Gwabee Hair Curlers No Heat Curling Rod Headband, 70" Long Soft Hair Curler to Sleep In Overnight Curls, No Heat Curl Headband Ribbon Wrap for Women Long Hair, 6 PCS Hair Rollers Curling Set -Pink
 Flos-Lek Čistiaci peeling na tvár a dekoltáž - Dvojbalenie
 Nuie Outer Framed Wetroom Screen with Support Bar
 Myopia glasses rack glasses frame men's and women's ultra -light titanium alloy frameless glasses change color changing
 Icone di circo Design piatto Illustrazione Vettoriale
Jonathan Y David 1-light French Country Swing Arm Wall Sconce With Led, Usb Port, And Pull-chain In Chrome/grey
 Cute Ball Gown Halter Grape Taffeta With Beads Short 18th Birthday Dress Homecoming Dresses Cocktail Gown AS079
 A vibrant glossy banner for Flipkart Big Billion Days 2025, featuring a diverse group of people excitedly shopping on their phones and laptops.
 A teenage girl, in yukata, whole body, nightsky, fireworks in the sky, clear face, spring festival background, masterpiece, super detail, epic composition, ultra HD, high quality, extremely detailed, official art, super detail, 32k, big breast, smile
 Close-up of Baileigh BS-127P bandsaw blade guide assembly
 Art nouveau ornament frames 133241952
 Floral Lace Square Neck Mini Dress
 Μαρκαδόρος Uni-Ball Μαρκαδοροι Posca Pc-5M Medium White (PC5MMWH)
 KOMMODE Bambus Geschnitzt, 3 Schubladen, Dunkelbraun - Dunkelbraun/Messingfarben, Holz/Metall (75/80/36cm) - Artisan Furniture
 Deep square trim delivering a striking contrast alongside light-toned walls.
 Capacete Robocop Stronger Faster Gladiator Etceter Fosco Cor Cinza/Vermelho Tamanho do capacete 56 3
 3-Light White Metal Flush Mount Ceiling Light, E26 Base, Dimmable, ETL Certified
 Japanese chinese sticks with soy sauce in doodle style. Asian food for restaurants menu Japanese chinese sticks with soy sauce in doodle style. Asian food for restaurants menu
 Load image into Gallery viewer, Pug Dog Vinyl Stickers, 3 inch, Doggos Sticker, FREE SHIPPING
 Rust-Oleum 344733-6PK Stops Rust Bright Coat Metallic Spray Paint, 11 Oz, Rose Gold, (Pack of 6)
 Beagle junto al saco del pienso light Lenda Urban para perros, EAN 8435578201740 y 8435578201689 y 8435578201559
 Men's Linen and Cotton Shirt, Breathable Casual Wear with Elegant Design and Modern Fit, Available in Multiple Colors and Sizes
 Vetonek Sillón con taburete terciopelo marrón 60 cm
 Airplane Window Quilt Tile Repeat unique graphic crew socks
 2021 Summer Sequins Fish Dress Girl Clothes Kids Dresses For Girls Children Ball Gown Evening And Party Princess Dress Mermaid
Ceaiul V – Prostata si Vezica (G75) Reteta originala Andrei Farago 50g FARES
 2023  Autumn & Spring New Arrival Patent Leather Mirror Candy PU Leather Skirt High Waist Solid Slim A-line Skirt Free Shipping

Exercise instructions -
Please make an exact copy of each record.

Reply -
Gwabee Hair Curlers No Heat Curling Rod Headband, 70" Long Soft Hair Curler to Sleep In Overnight Curls, No Heat Curl Headband Ribbon Wrap for Women Long Hair, 6 PCS Hair Rollers Curling Set -Pink
 Flos-Lek Čistiaci peeling na tvár a dekoltáž - Dvojbalenie
 Nuie Outer Framed Wetroom Screen with Support Bar
 Myopia glasses rack glasses frame men's and women's ultra -light titanium alloy frameless glasses change color changing
 Icone di circo Design piatto Illustrazione Vettoriale
Jonathan Y David 1-light French Country Swing Arm Wall Sconce With Led, Usb Port, And Pull-chain In Chrome/grey
 Cute Ball Gown Halter Grape Taffeta With Beads Short 18th Birthday Dress Homecoming Dresses Cocktail Gown AS079
 A vibrant glossy banner for Flipkart Big Billion Days 2025, featuring a diverse group of people excitedly shopping on their phones and laptops.
 A teenage girl, in yukata, whole body, nightsky, fireworks in the sky, clear face, spring festival background, masterpiece, super detail, epic composition, ultra HD, high quality, extremely detailed, official art, super detail, 32k, big breast, smile
 Close-up of Baileigh BS-127P bandsaw blade guide assembly
 Art nouveau ornament frames 133241952
 Floral Lace Square Neck Mini Dress
 Μαρκαδόρος Uni-Ball Μαρκαδοροι Posca Pc-5M Medium White (PC5MMWH)
 KOMMODE Bambus Geschnitzt, 3 Schubladen, Dunkelbraun - Dunkelbraun/Messingfarben, Holz/Metall (75/80/36cm) - Artisan Furniture
 Deep square trim delivering a striking contrast alongside light-toned walls.
 Capacete Robocop Stronger Faster Gladiator Etceter Fosco Cor Cinza/Vermelho Tamanho do capacete 56 3
 3-Light White Metal Flush Mount Ceiling Light, E26 Base, Dimmable, ETL Certified
 Japanese chinese sticks with soy sauce in doodle style. Asian food for restaurants menu Japanese chinese sticks with soy sauce in doodle style. Asian food for restaurants menu
 Load image into Gallery viewer, Pug Dog Vinyl Stickers, 3 inch, Doggos Sticker, FREE SHIPPING
 Rust-Oleum 344733-6PK Stops Rust Bright Coat Metallic Spray Paint, 11 Oz, Rose Gold, (Pack of 6)
 Beagle junto al saco del pienso light Lenda Urban para perros, EAN 8435578201740 y 8435578201689 y 8435578201559
 Men's Linen and Cotton Shirt, Breathable Casual Wear with Elegant Design and Modern Fit, Available in Multiple Colors and Sizes
 Vetonek Sillón con taburete terciopelo marrón 60 cm
 Airplane Window Quilt Tile Repeat unique graphic crew socks
 2021 Summer Sequins Fish Dress Girl Clothes Kids Dresses For Girls Children Ball Gown Evening And Party Princess Dress Mermaid
Ceaiul V – Prostata si Vezica (G75) Reteta originala Andrei Farago 50g FARES
 2023  Autumn & Spring New Arrival Patent Leather Mirror Candy PU Leather Skirt High Waist Solid Slim A-line Skirt Free Shipping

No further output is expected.